So gradient descent is a function of derivative of cost function with constant w and alpha. So if we take a point at local maxima of the graph shown in figure then slope would be zero so value of W would not be changed but we are at the local maxima of the cost function so in this case the algorithm would not be able guide us to the local minima.
Can anyone please explain me this.?
I will try to explain one thing at a time:
- Gradient descent is the algorithm that tries to optimize the weights of the network, so this weights are not constant: they are updated in each step. Even the alpha value can change during the training. Check schedules from the TF documentation.
- In that particular case you proposed: yes, you are right. Gradient descent would not change the weights because the derivative would be zero. Nonetheless, it is extremely unlikely that this could happen. It can return a very low change value, but usually not zero.
I got the point.
So what you want to say is that we can consider it as a limitation of the Gradient Descent algorithm.

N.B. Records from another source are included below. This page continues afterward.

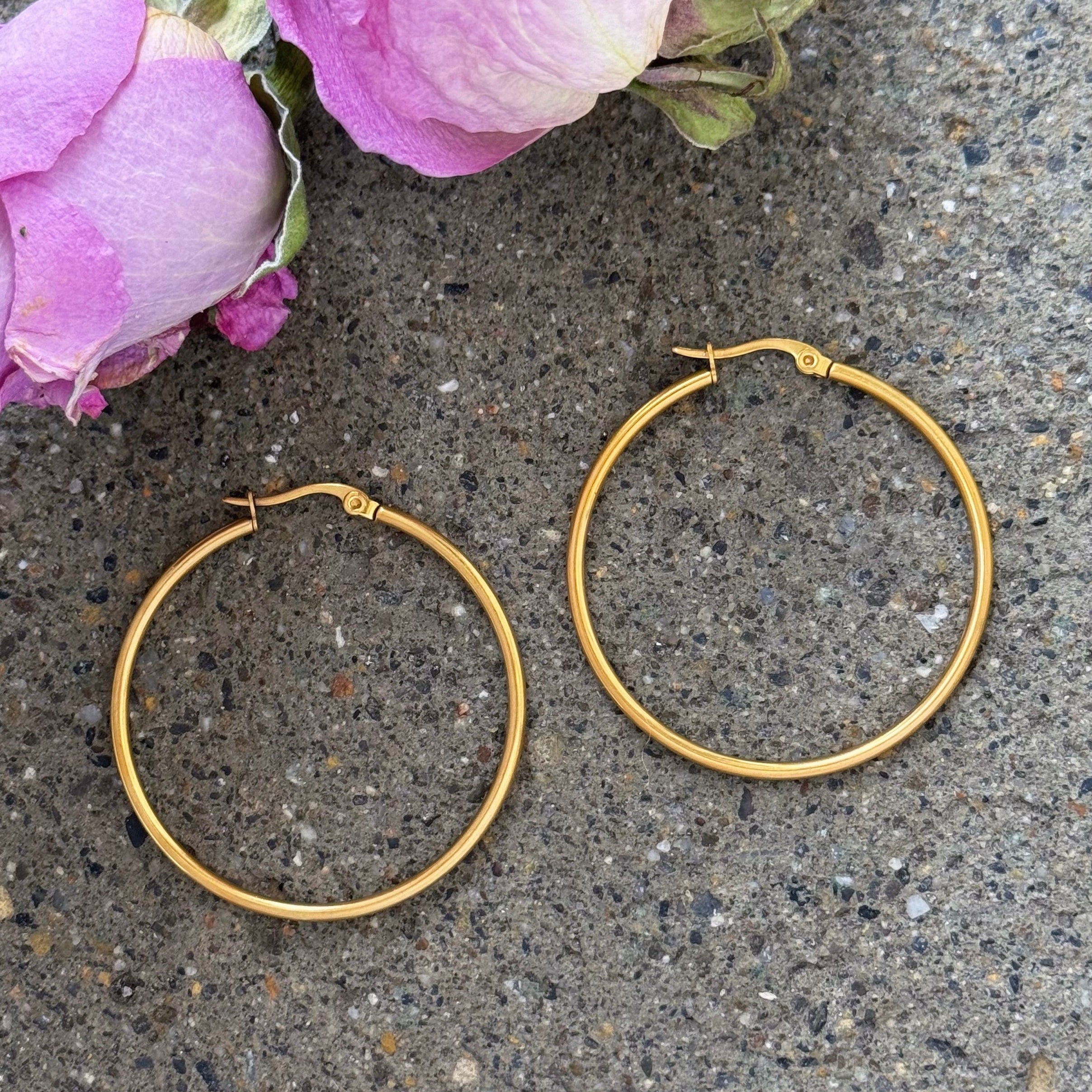 40MM GOLD THIN HOOP earrings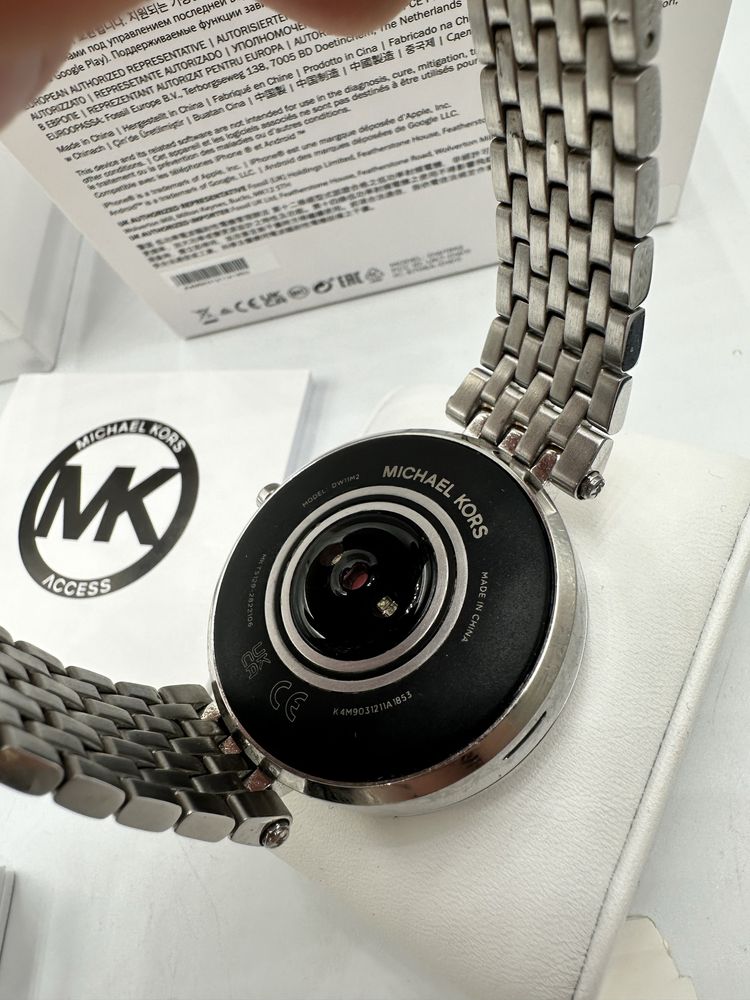 Prawie nowy zegarek smartwatch Michael Kors MKT5129, Komplet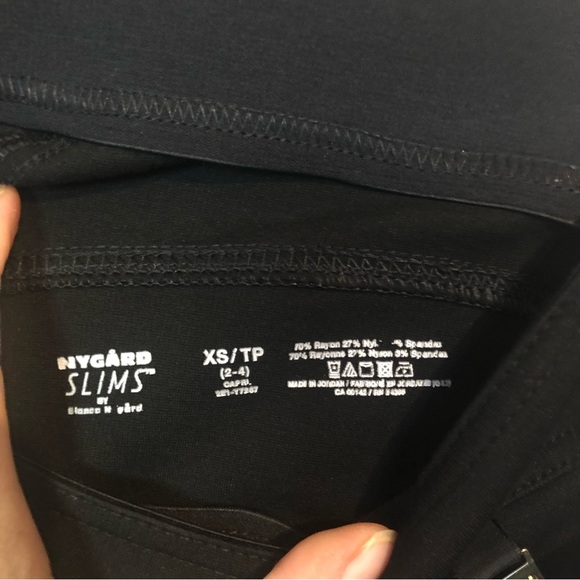 Nygard Slims Black Capris - Picture 3 of 4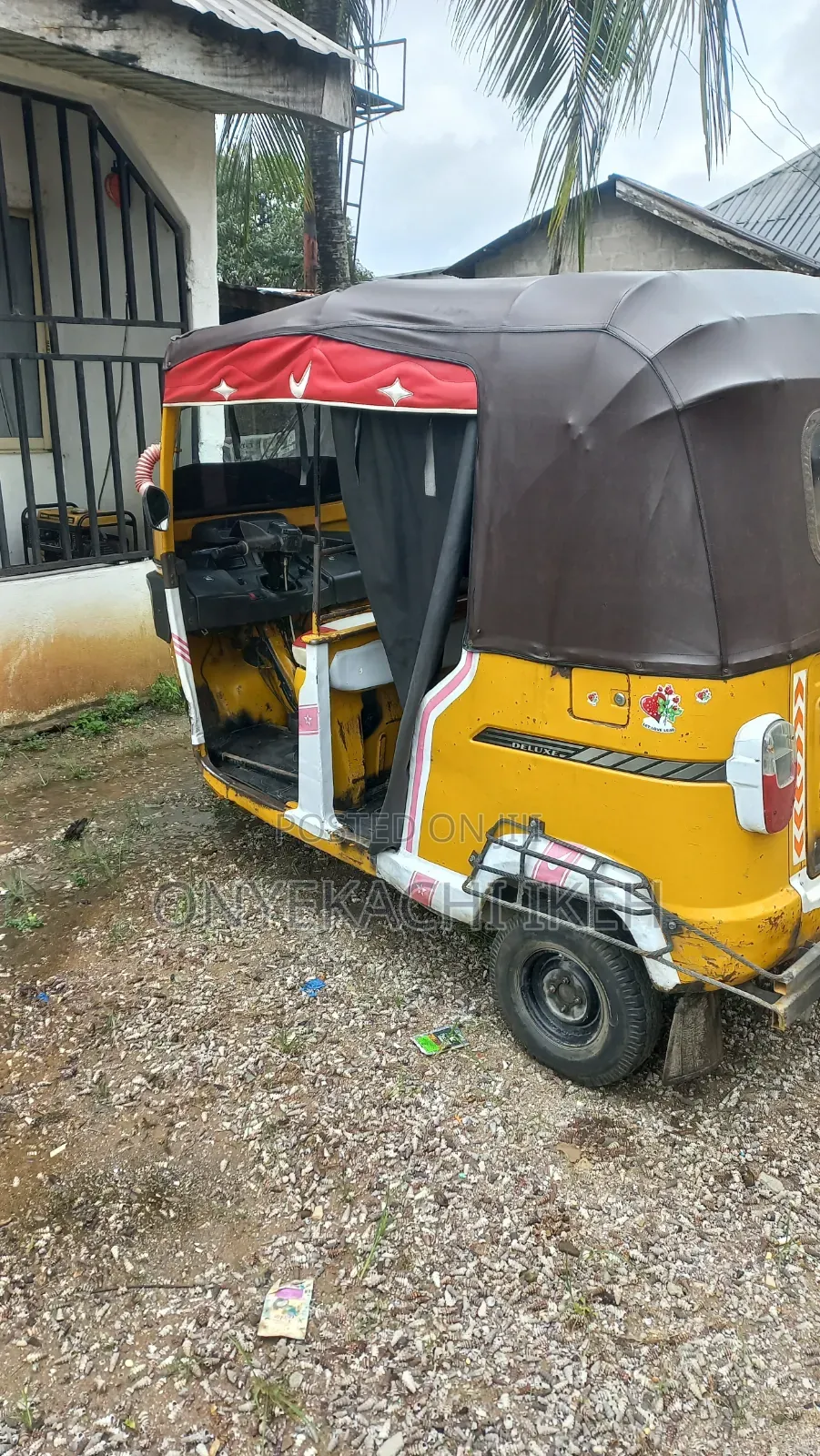 TVS King Deluxe Plus iTouch Start 2022 Yellow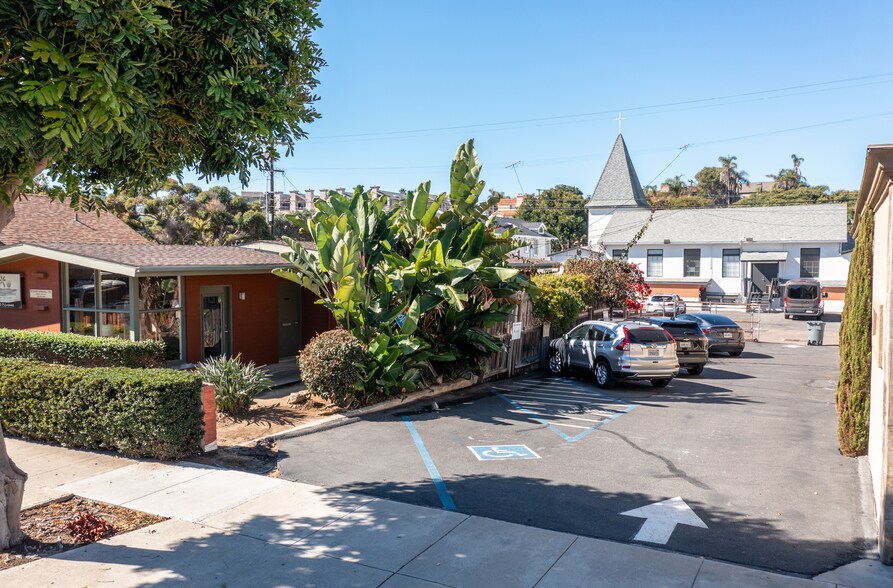 More Photos Of 836 2nd St, Encinitas Medical For Sale
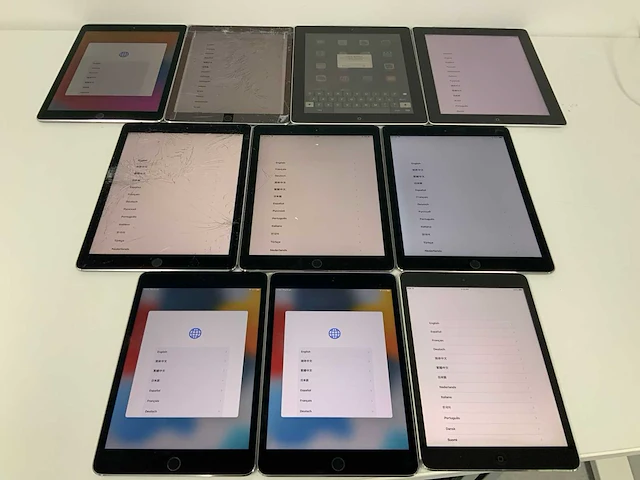 Apple ipad pro (9.7-inch) (wi-fi + cellular) (fmi) (10x) - afbeelding 1 van  3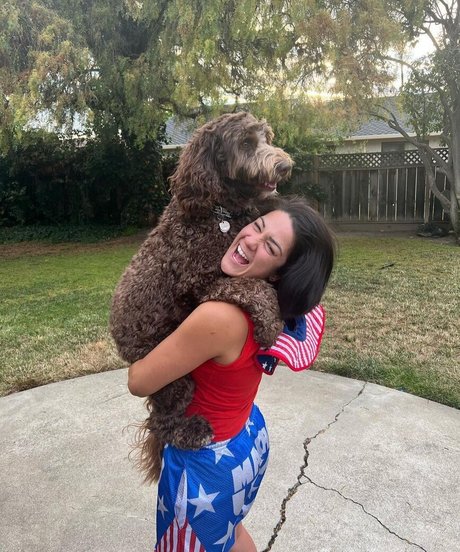 Bayley 裸のポルノスター 写真
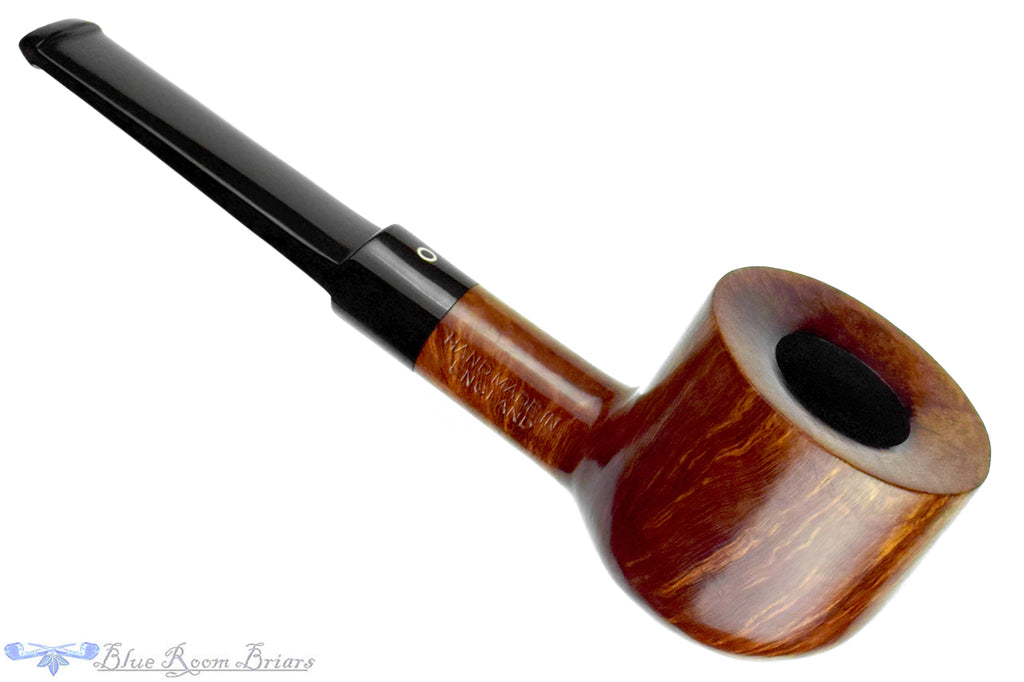Blue Room Briars is proud to present this Northern Briars by Ian Walker Premier Pot Sitter Estate Pipe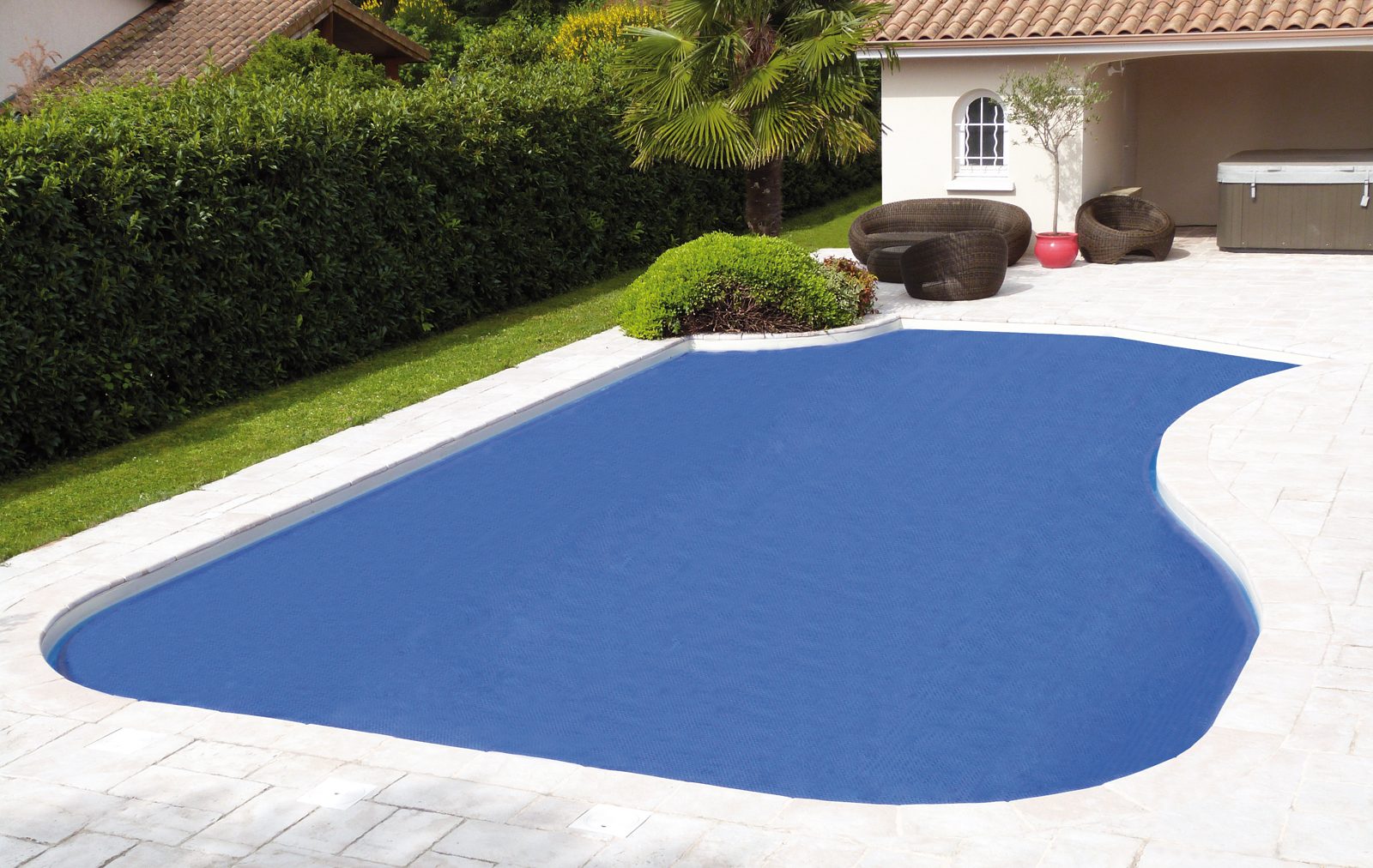 Couverture à bulles isothermique pour piscine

Kind of. But in reality is practically negligible.
Ok got it Alvaro.
Thanks for replying.
my understanding is the cost function J(w) is designed to be convex with only one minimal value and no local maximal, so this scenario is not the case
That is not really the case, @sangdinh.
In fact, the cost function is designed to be differentiable, but no one can assure you that it won’t have local minima / maxima
ah, my bad, correction, it’s convex with logistic regression (NN with one node) with error log function L = -𝑦𝑙𝑜𝑔(a) - (1−𝑦)𝑙𝑜𝑔(1−a)
In general, neural network (with hidden layers(s)) isn’t convex.